What Cloud Has to Offer to Life Science: Storage

What Cloud Has to Offer to Life Science: Storage

·

5 min read

Introduction

In a previous post, we discussed how using serverless computing can assist life science researchers in analyzing their data in a more efficient and cost-effective manner. It also aids them in deploying their tools in a user-friendly way at lower costs.

In this post, we want to discuss a different cloud service, storage, that can be useful for life scientists. Scientific research typically generates a considerable amount of data from experiment results, which contain valuable information. Storing this data in a maintainable and, more importantly, shareable manner can pose a significant infrastructure challenge. Public clouds like AWS provide exciting options for such use cases. One example is AWS S3 Glacier, optimized for data retrieved infrequently or with latency tolerance, which is the case for many life science datasets.

Overview of the Storage Problem in Life Sciences

Traditionally, researchers tend to run their computational workload on their personal computers or High-Performance Computing (HPC) clusters. The limitation of personal computers is evident for both Storage Capacity and Shareability. On the other hand, HPC, which are data centers specifically designed for scientific workloads, are much better at the storage capacity problem. However, they still need to catch up on shareability, especially the HPCs, which do not provide a file-sharing service.

How Cloud can help: AWS S3 Glacier as a solution

Public cloud comes with almost infinite Storage Capacity and the highest level of shareability since they have data centers worldwide that provide milliseconds latency access to your files. For example, AWS has the Simple Storage Service (S3) for file storage and sharing. In order to use this service, you first create a bucket (think of it as a directory) and put your files (called Object in this context) in it. But here is the exciting part! AWS offers different storage classes that you can choose for your Objects. These storage classes are optimized for different use cases. The table below compares some of these classes:

Storage TypeS3 StandardS3 Glacier Instant RetrievalS3 Glacier Deep Archive
Storage Cost for 1TB/Month23.55 USD4.10 USD1.03 USD
First byte latencymillisecondsmillisecondshours
Retrieval chargeN/A0.03 USD / GB0.02 USD / GB
Minimum storage duration chargeN/A90 days180 days

Note: Data transfer (from S3 to the Internet) costs around 0.05 ~ 0.09 USD per GB!

Here we describe two scenarios that you should go with AWS S3 in your research project:

1. When shareability matters!

Imagine you are collaborating on a project with researchers from other universities (usually from different countries). In such cases, you need to share data for both raw data and results of your experiments with your colleagues, so if you are locked to an HPC that can only be accessed via your university network, it can be very challenging. In this case, AWS S3 Glacier Instant Retrieval can be a good option since the number of downloads is limited, and the file size can be huge.

2. Large files which rarely retrieved but need to be stored for a long time.

It’s common to generate massive amounts of data out of your experiments. These data must be stored somewhere; otherwise, you must delete them to make space for your other experiments. You still need to keep these data since they may be needed during your paper review. In this case, AWS S3 Glacier Deep Archive is the best choice, offering the lowest price when retrieval time latency is not a concern!

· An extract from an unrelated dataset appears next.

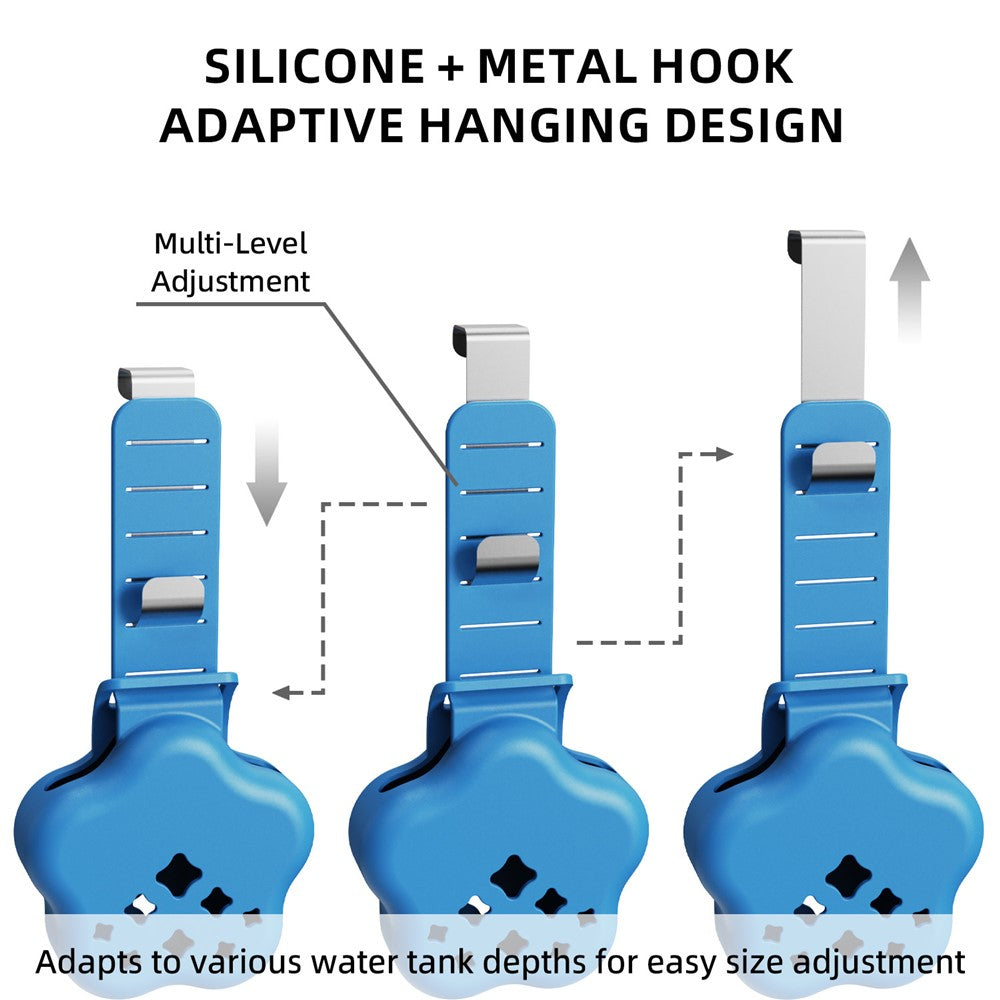 Adjustable Hanging Toilet Tank Cleaning Tablet Holder Silicone Star Basket with Stainless Steel Hook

Note: As we showed in the previous section, data transfer costs can be high in AWS S3, so for use cases with intense download requirements, you may want to consider free transfer options like LuxProvide.

Conclusion

In conclusion, the advent of cloud storage solutions such as AWS S3 Glacier has made it much easier for life scientists to store and share vast amounts of data generated from their research work. Depending on data shareability and retrieval frequency requirements, different AWS storage classes can be utilized to achieve cost efficiency. While it’s important to consider data transfer costs when choosing a cloud storage provider, the flexibility, global availability, and robustness of these services make them a compelling option for life science research data storage needs.

References :


What is the benefit of using cloud storage for life science researchers?
Cloud storage, such as AWS S3 Glacier, provides almost infinite storage capacity and high share-ability for data, making it easier for researchers to collaborate and access their data globally.
How can AWS S3 Glacier be useful for life science datasets?
AWS S3 Glacier is optimized for data that is infrequently retrieved or with latency tolerance, which aligns well with many life science datasets that may not require frequent access.
Which AWS S3 storage class is suitable for collaborative projects involving large files?
For collaborative projects where shareability is crucial and large files need to be shared, AWS S3 Glacier Instant Retrieval is a good option due to limited downloads and support for huge file sizes.
What storage class should be used for storing large files with minimal retrieval needs over an extended period?
For storing large files that rarely need to be retrieved but must be stored for a long time, AWS S3 Glacier Deep Archive is the most cost-effective choice, offering the lowest price when retrieval latency is not a concern.